======== Data listing ========
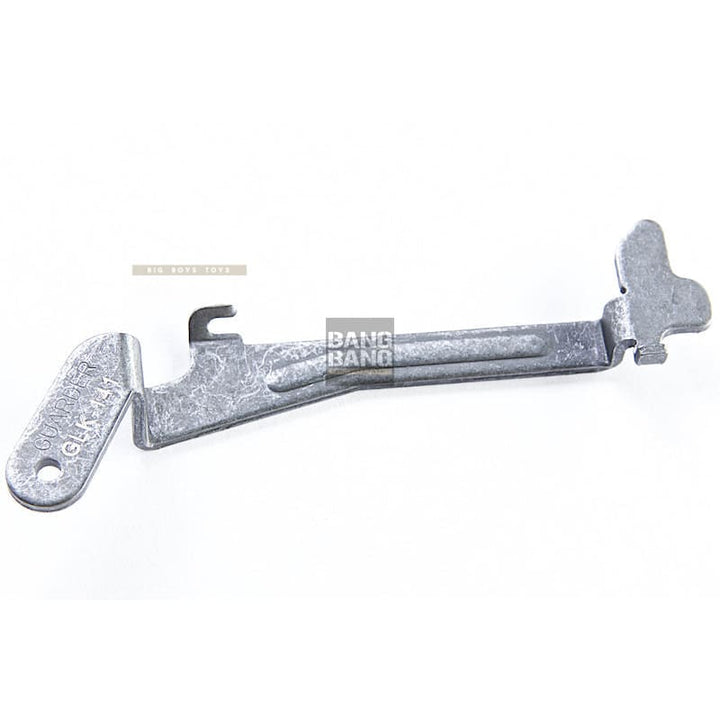Guarder Smooth Trigger & Lever Group for Tokyo Marui Model 17 / 22 / 26 / 34 - Black - Bang Bang Airsoft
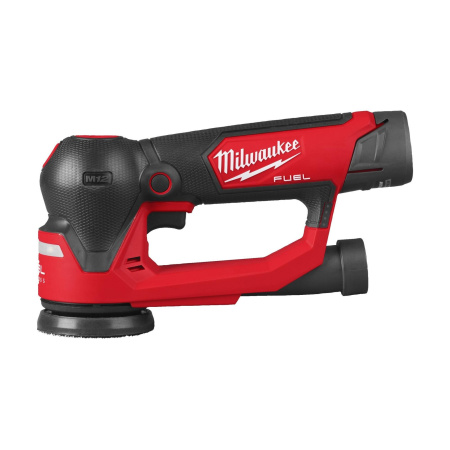 Эксцентриковая шлифмашина аккумуляторная M12 FSDR75-202B Milwaukee купить в Минске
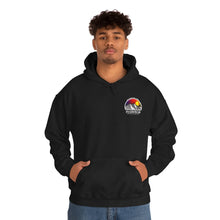 Load image into Gallery viewer, AN ADVENTURE A DAY, Keeps the Therapist Away... Unisex Heavy Blend™ Hooded Sweatshirt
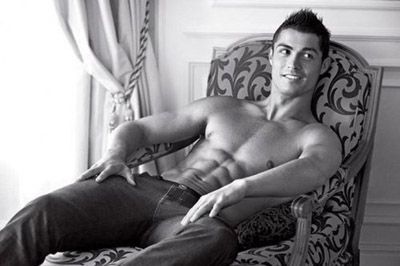 cristiano ronaldo para armani 1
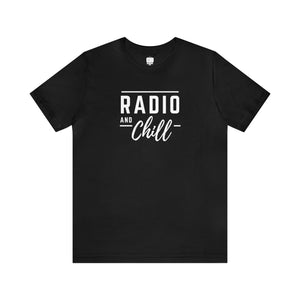 Radio and Chill Unisex Tee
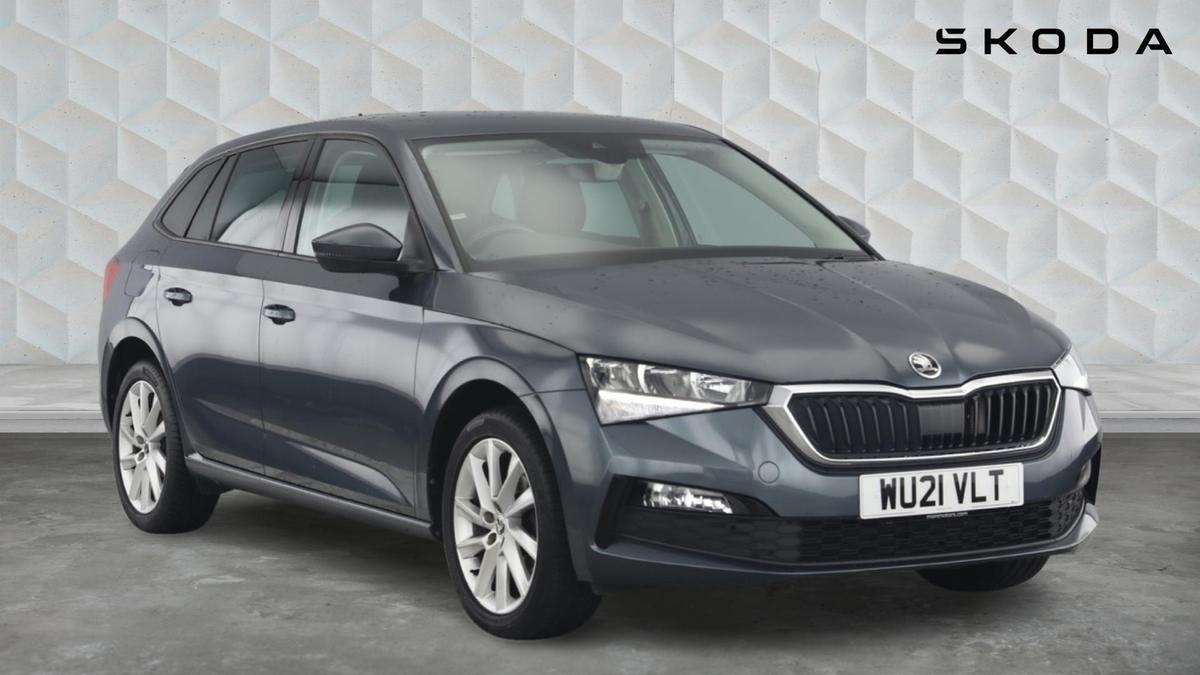 Main listing image - Skoda Scala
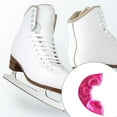 thumbnail image 4 of Minnieouse Paquete de 2 fundas para patines de hielo, Protector de zapatos con ruedas elásticas, Unisex, reutilizable, lavable, portátil, Type2 NO2, 4 of 6
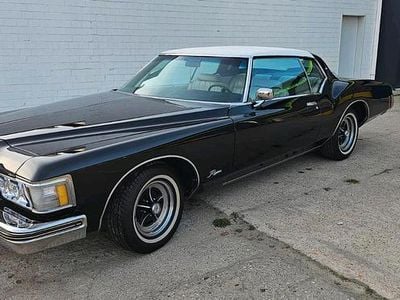 Gebraucht Buick Riviera 255 PS (187 kW) 1973 Schwarz Coupé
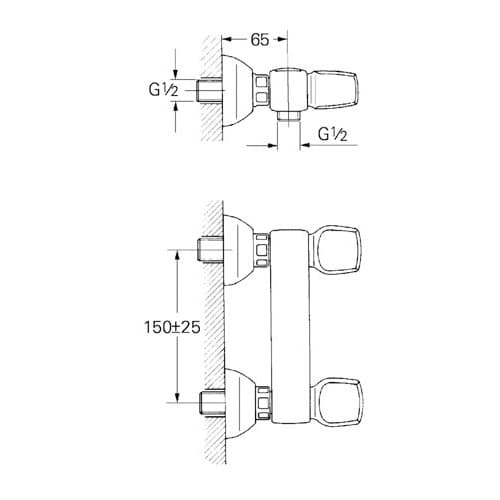 Фотография товара Grohe Florida 26610000Gr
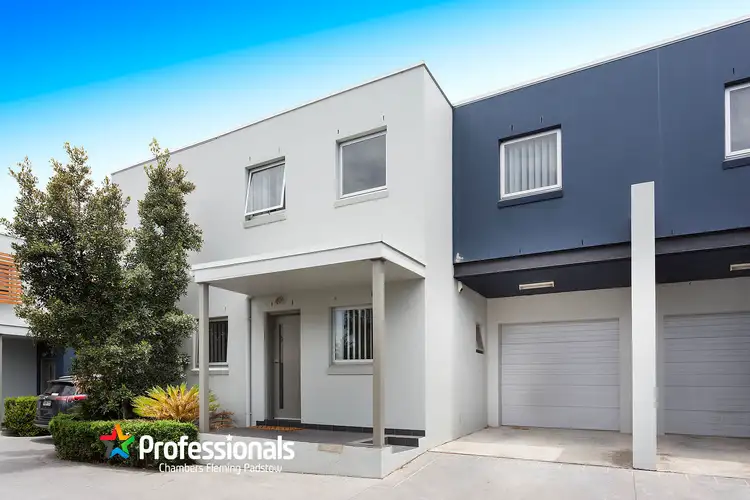 5/186 Newbridge Road, Moorebank NSW 2170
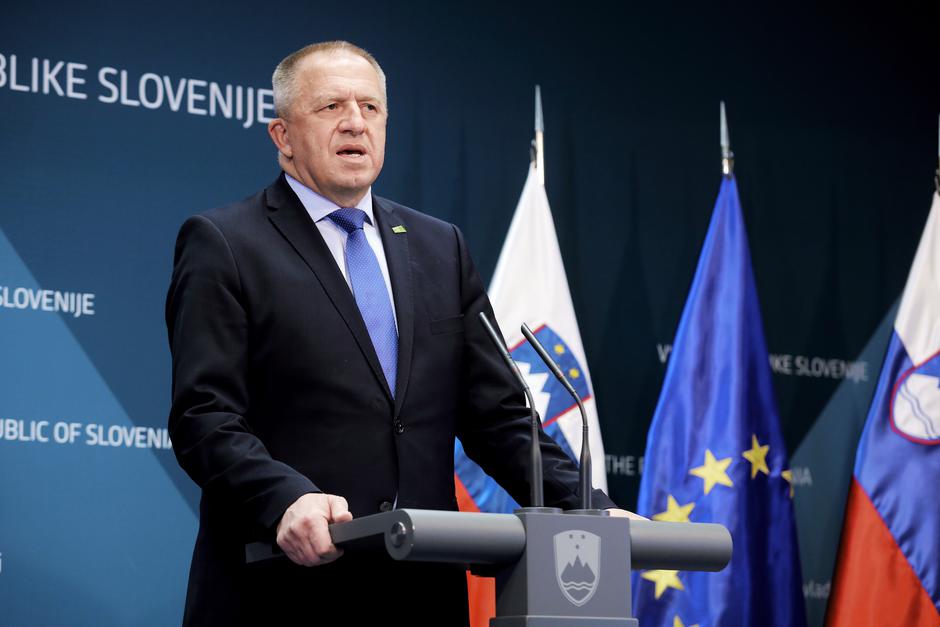 Zdravko Počivalšek | Avtor: gov.si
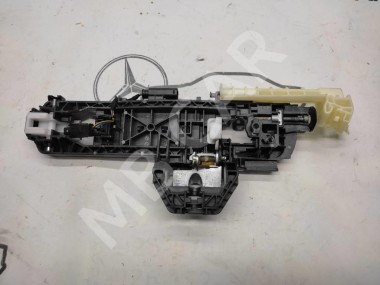 Ответная часть замка двери MERCEDES-BENZ CLS-класс C218/X218 рестайлинг (2014 - 2017) — Разборка Мерседес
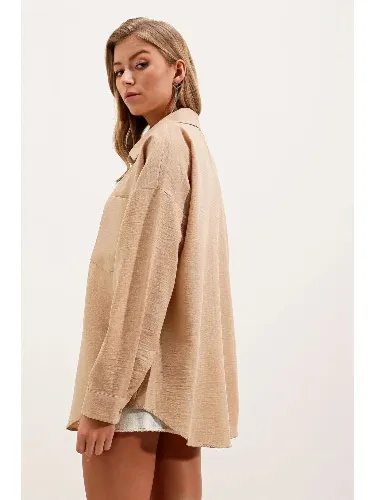 Resim Yenikoza Kadın Gömlek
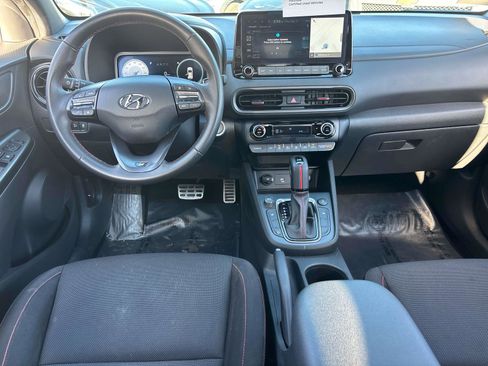Certified 2023 Hyundai Kona N Line w/ Cargo Package image 18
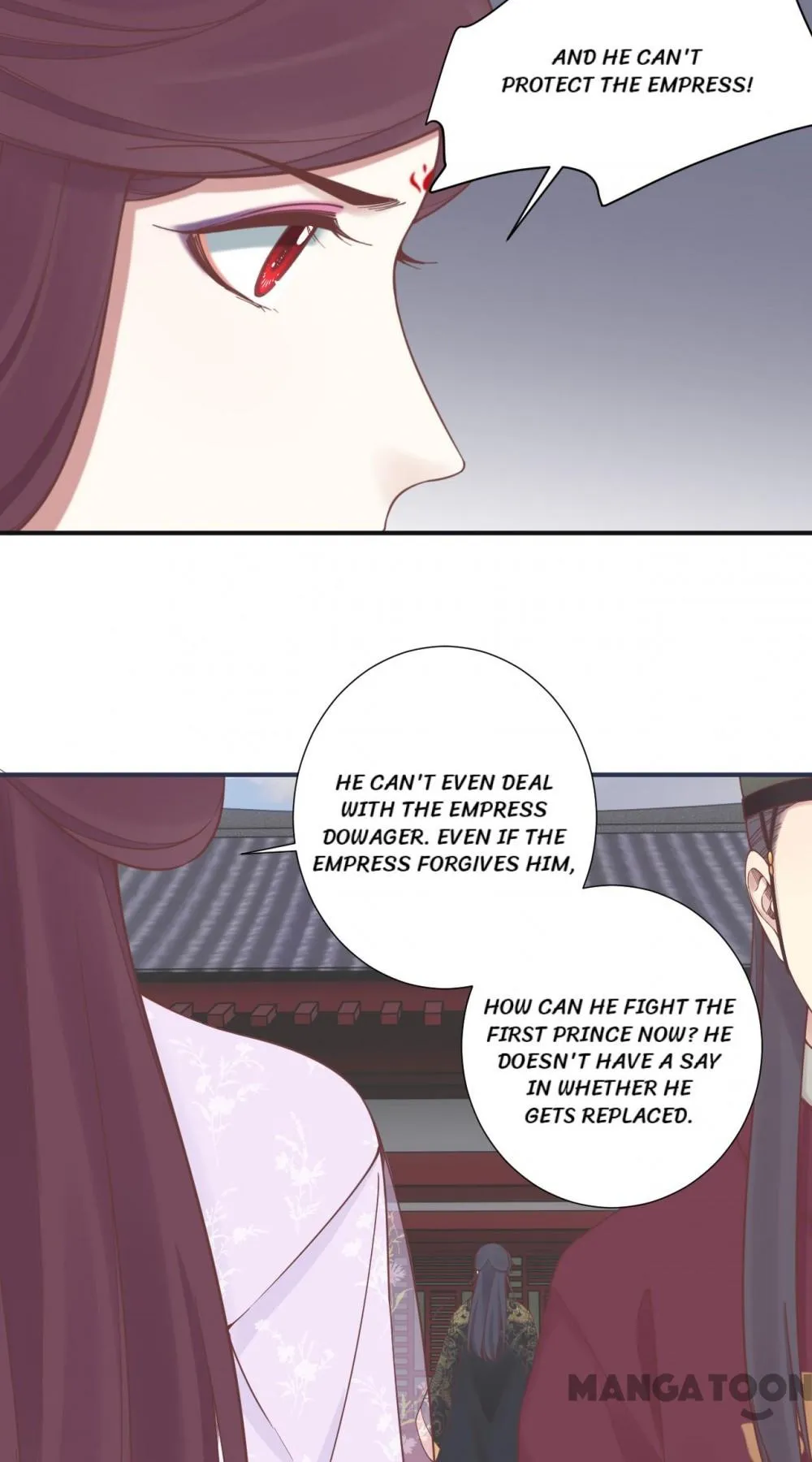 The Queen Is Busy chapter 173 - page 29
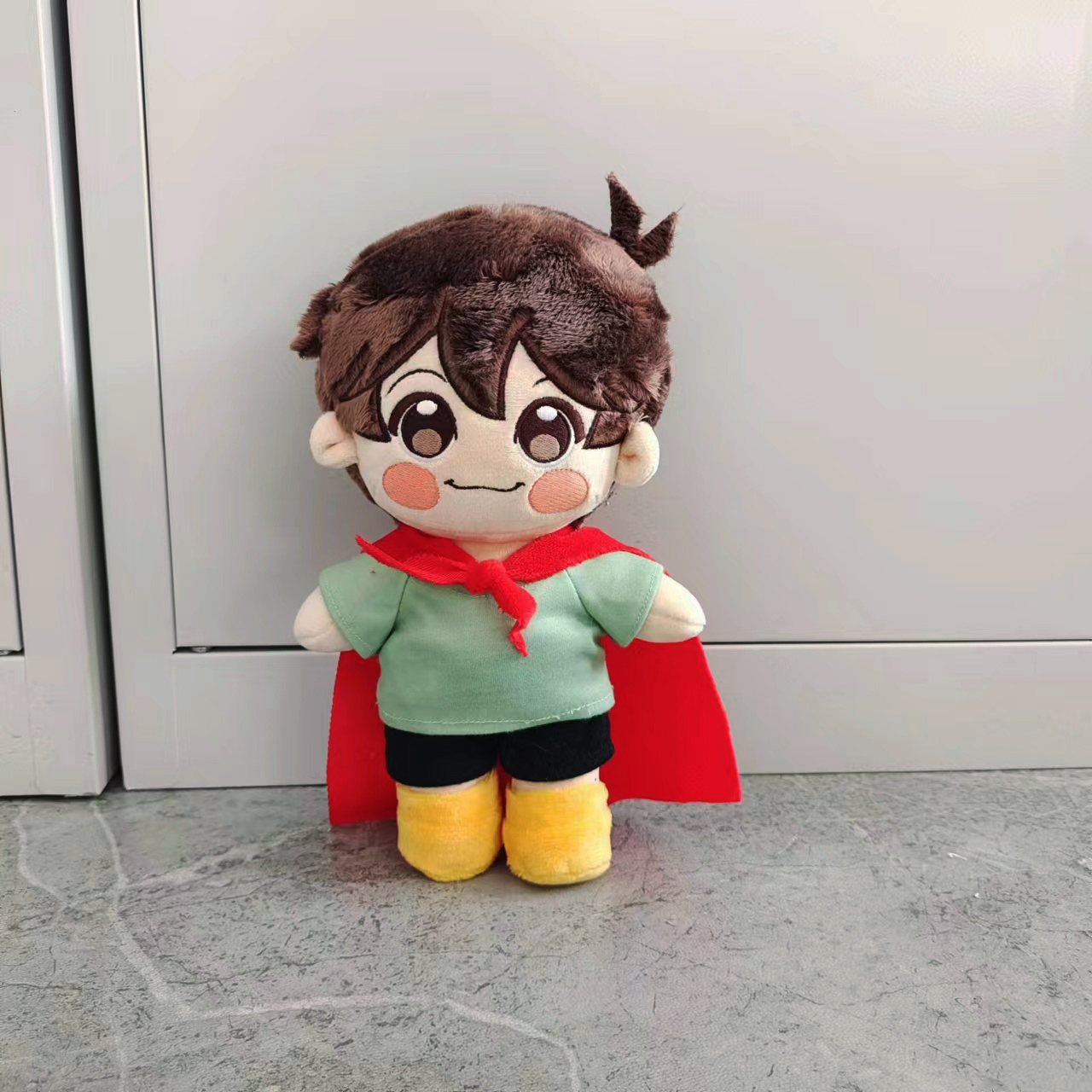 Completed Sample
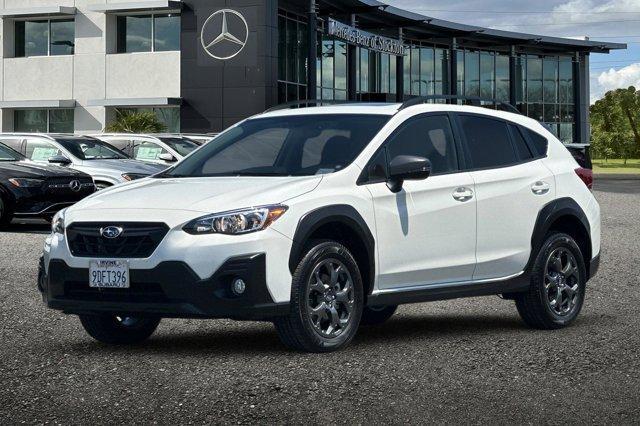used 2023 Subaru Crosstrek car, priced at $28,998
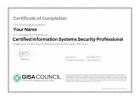 Advance Your Cybersecurity Career with CISSP Certification Training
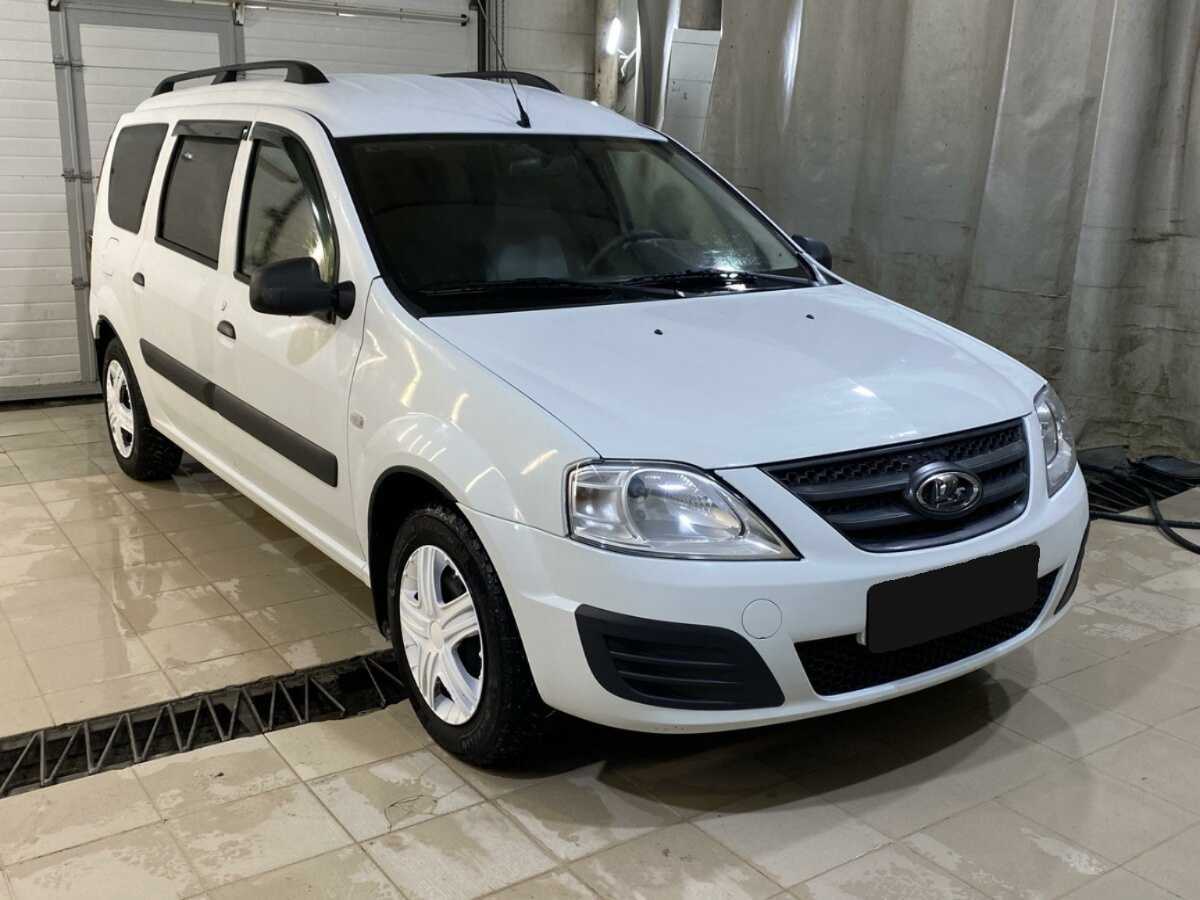 Lada (ВАЗ) Largus, 2020 Фото №2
========
● Assignment
Exact copies of the lines from the one containing "Zdravko Počivalšek | Avtor: gov.si" through the end of the records above are required, with no pictures among them.

● Your solution
 Zdravko Počivalšek | Avtor: gov.si
 Ответная часть замка двери MERCEDES-BENZ CLS-класс C218/X218 рестайлинг (2014 - 2017) — Разборка Мерседес
 Resim Yenikoza Kadın Gömlek
Certified 2023 Hyundai Kona N Line w/ Cargo Package image 18
 The Queen Is Busy chapter 173 - page 29
 Completed Sample
used 2023 Subaru Crosstrek car, priced at $28,998
 Advance Your Cybersecurity Career with CISSP Certification Training
 Lada (ВАЗ) Largus, 2020 Фото №2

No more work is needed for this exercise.